▸ **Data records**:
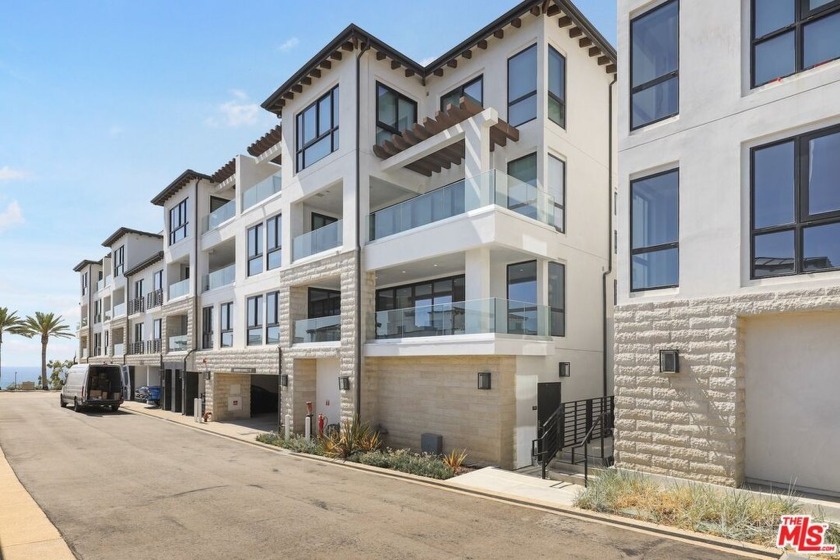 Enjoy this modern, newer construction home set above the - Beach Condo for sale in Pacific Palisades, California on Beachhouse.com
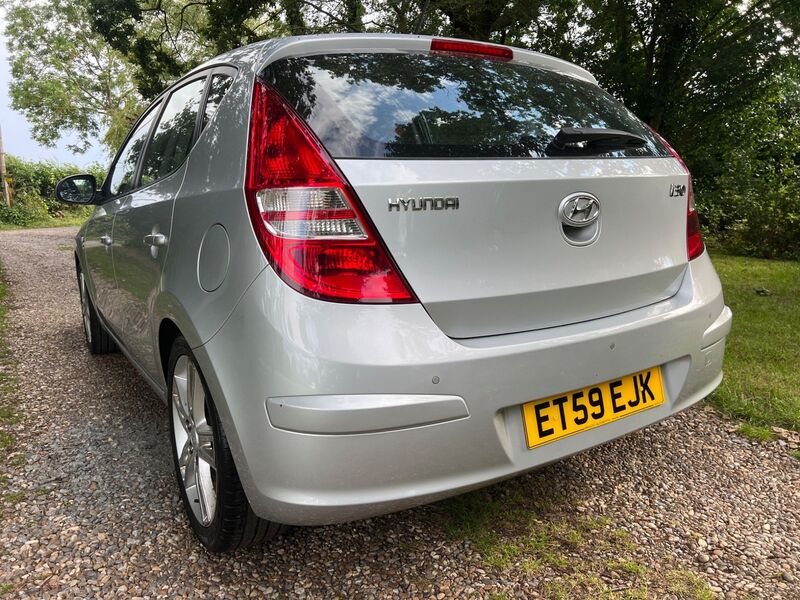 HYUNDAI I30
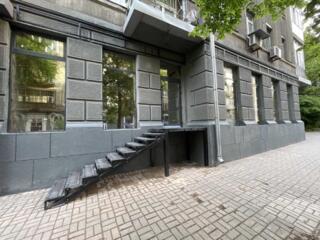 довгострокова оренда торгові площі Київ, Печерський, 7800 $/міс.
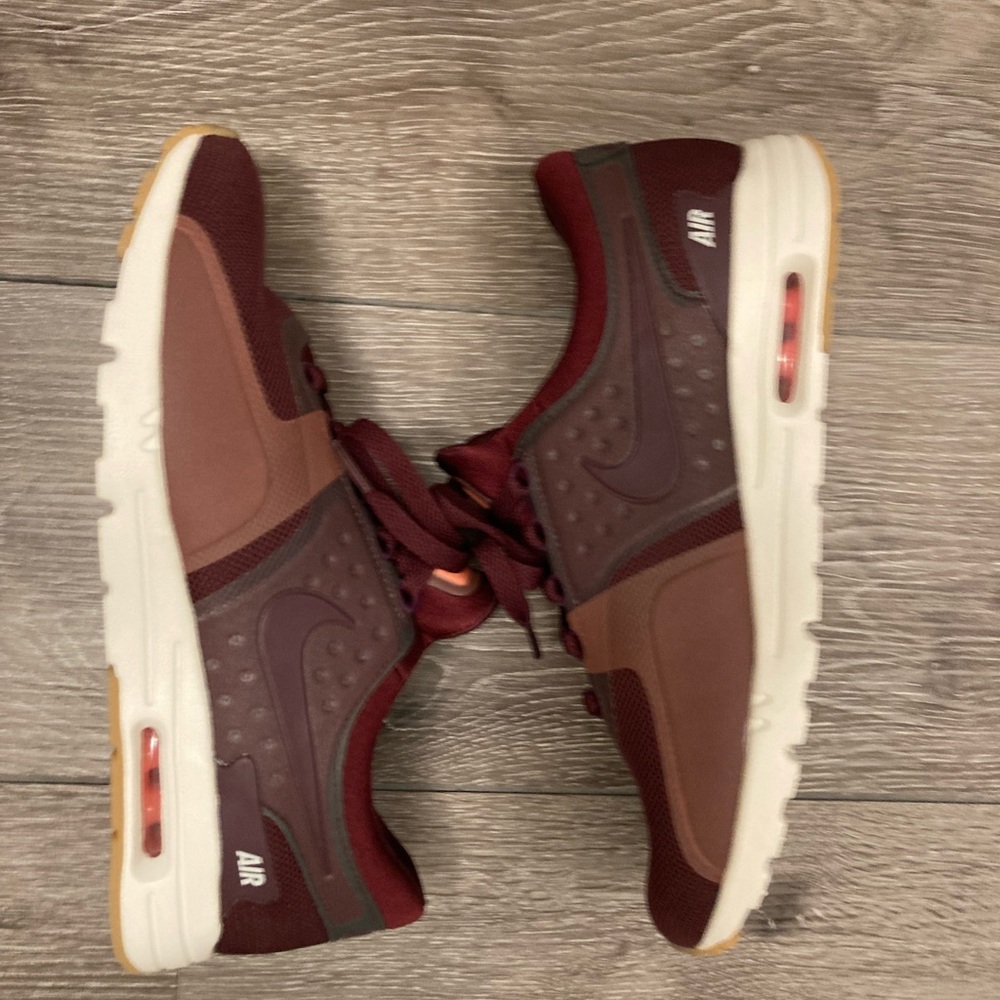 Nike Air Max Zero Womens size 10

...

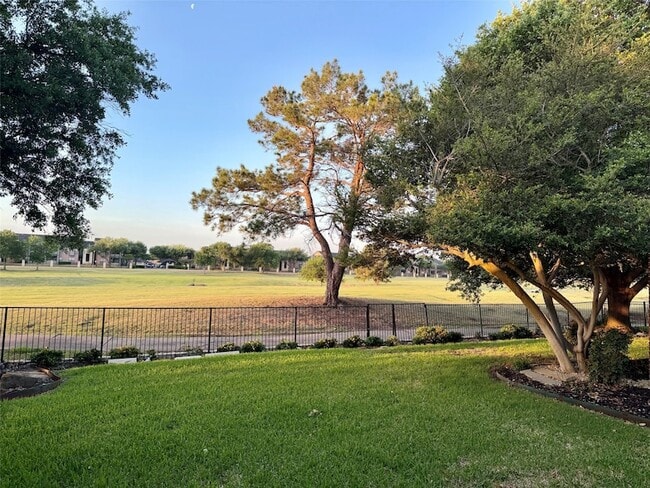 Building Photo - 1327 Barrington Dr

▸ **What needs to be done**: Starting with the line that has "Enjoy this modern, newer" and ending with the line that has "Nike Air Max Zero Womens size 10", repeat the lines above exactly, omitting every picture.

▸ **Solution to the exercise**:
 Enjoy this modern, newer construction home set above the - Beach Condo for sale in Pacific Palisades, California on Beachhouse.com
 HYUNDAI I30
 довгострокова оренда торгові площі Київ, Печерський, 7800 $/міс.
 Nike Air Max Zero Womens size 10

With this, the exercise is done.